3 Tage in Quiberon ist ein in Schwarz-Weiß[2] gedrehter Spielfilm von Emily Atef aus dem Jahr 2018. Der Film ist inspiriert von wahren Begebenheiten im Leben der Schauspielerin Romy Schneider (dargestellt von Marie Bäumer). Im Jahr 1981 verbringt Schneider in dem kleinen französischen Kurort Quiberon in der Bretagne drei Tage mit ihrer besten Freundin Hilde (Birgit Minichmayr), um sich zu erholen. Gleichzeitig arrangiert sie trotz ihrer negativen Erfahrungen mit der deutschen Presse ein Interview mit Michael Jürgs (Robert Gwisdek), Reporter der Zeitschrift Stern, und dem Fotografen Robert Lebeck (Charly Hübner). Das Interview und die dazugehörigen Fotoaufnahmen erstrecken sich über drei Tage und entwickeln sich zu einem Porträt Romy Schneiders im Spannungsverhältnis zwischen privater und öffentlicher Person.[2]

Die Premiere der deutsch-österreichisch-französischen Koproduktion fand im Rahmen der 68. Internationalen Filmfestspiele Berlin am 19. Februar 2018[2] statt, wo der Film in den Wettbewerb um den Goldenen Bären eingeladen worden war.[3][2] Der Kinostart erfolgte in Deutschland am 12. April 2018 und in Österreich am 13. April 2018.[4][5]

Handlung[Bearbeiten | Quelltext bearbeiten]

Quiberon (Bretagne), im Jahr 1981: Die Schauspielerin Romy Schneider befindet sich zur Entgiftung in einem Kurhotel am Meer. Sie lässt ihre Jugendfreundin Hilde Fritsch nachkommen, die in Wien als Restauratorin arbeitet. Schneider vertraut ihr an, die „Diät“ für ihren 14-jährigen Sohn David zu machen, der lieber bei den Stiefeltern leben möchte. Sie leidet deshalb unter großen Verlustängsten. Die Freundinnen nehmen gemeinsam ein Bad in Schneiders Hotelzimmer. Als David anruft, lässt Schneider das Telefongespräch von Fritsch entgegennehmen. Auch soll sie Schneider bei einem Pressetermin unterstützen. Trotz ihrer negativen Erfahrungen mit der deutschen Presse hat sie einem Interview mit Michael Jürgs, Reporter der Zeitschrift Stern, und dem Fotografen Robert „Bob“ Lebeck zugestimmt. Schneider hat ein enges, freundschaftliches Verhältnis zu Lebeck, den sie zärtlich „Lebo“/„le beau“ (dt. „den Schönen“) nennt, während der Fotograf sie liebevoll als „la belle“ („die Schöne“) tituliert. Jürgs kennt sie dagegen noch nicht.

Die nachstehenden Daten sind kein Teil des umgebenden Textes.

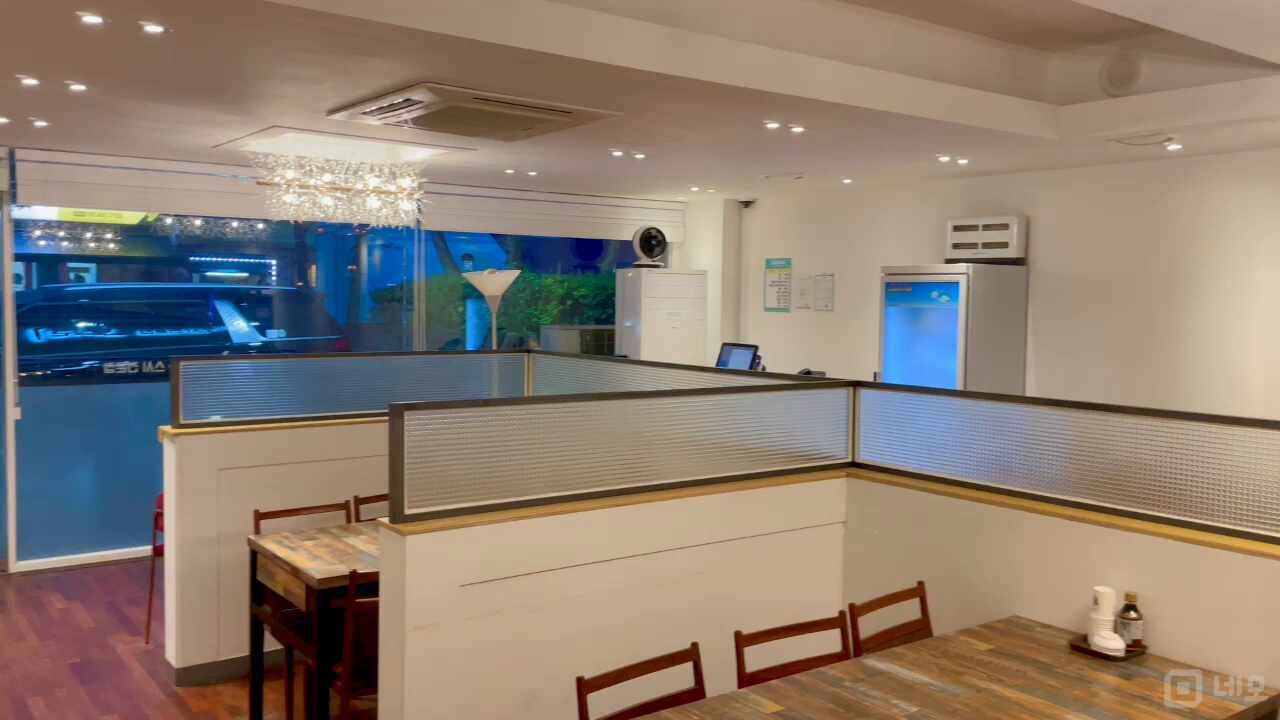 문정동 깔끔한 시설, 다양하게 이용 가능한 일식점 매물의 3번째 사진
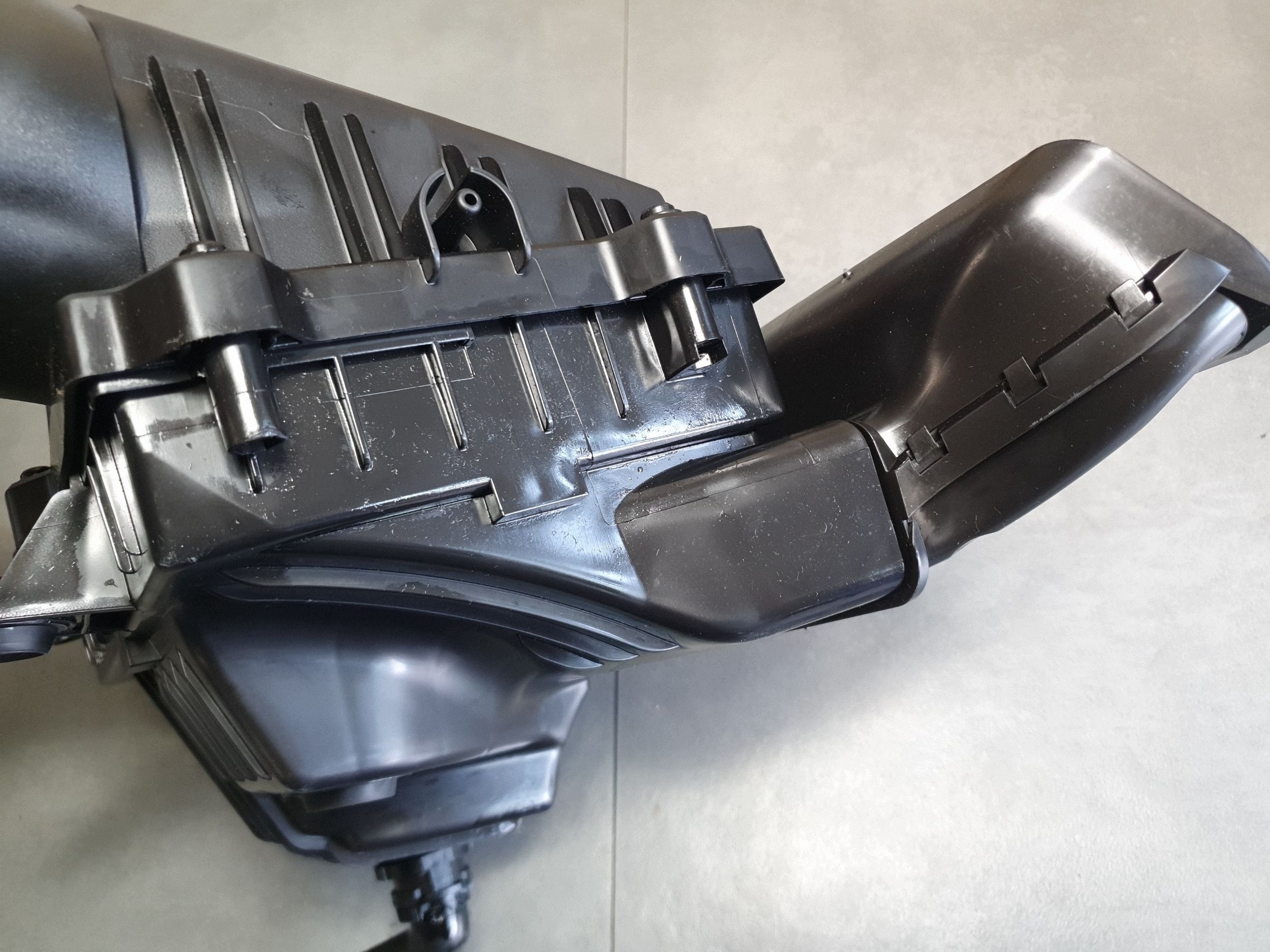 Audi A3 8Y 1.5 Gehäuse filter luft 5Q0129601CC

Das Interview, das in Schneiders Hotelzimmer beginnt, soll den Unterschied zwischen der Schauspielerin und der Privatperson aufzeigen. Es wird insgesamt drei Tage Zeit in Anspruch nehmen. Der manipulative Jürgs fragt in Fritschs Beisein u. a. nach Schneiders Verhältnis zur Mutter, ihrer Übersiedlung nach Frankreich und dem Selbstmord Harry Meyens, Lebeck schießt währenddessen die Bilder. Bei der Frage nach ihrem ersten Ehemann muss Schneider das Interview abbrechen. Am Abend trinken die vier gemeinsam in einem Restaurant am Hafen, das eigentlich wegen einer Hochzeitsgesellschaft geschlossen ist, entgegen dem Rat von Schneiders Kurarzt Champagner, Lebeck macht erneut Bilder. Schneider gibt Pläne über einen neuen Film, Die Spaziergängerin von Sans-Souci, bekannt. Sie amüsiert sich mit einem poetisch veranlagten Teilnehmer (Denis Lavant) der Hochzeitsgesellschaft, der sich zwischenzeitlich zu ihnen gesetzt hat. Jürgs weist Schneider darauf hin, dass sie durch das Interview doch die Chance hätte in der öffentlichen Wahrnehmung manche „Dinge zurechtzurücken“. Auf Fritschs Drängen, die den beiden Journalisten nicht vertraut, verlässt die stark alkoholisierte Schneider mit ihr das Restaurant. Sie möchte nicht allein auf ihr Hotelzimmer gehen und bittet Fritsch mitzukommen. Sie versucht David anzurufen, wird aber von Fritsch zurückgehalten. Schneider hat ihren Entzug nicht einmal vier Tage ausgehalten. Fritsch nimmt ihr das Versprechen ab, künftig weder Schlaftabletten noch Alkohol zu sich zu nehmen.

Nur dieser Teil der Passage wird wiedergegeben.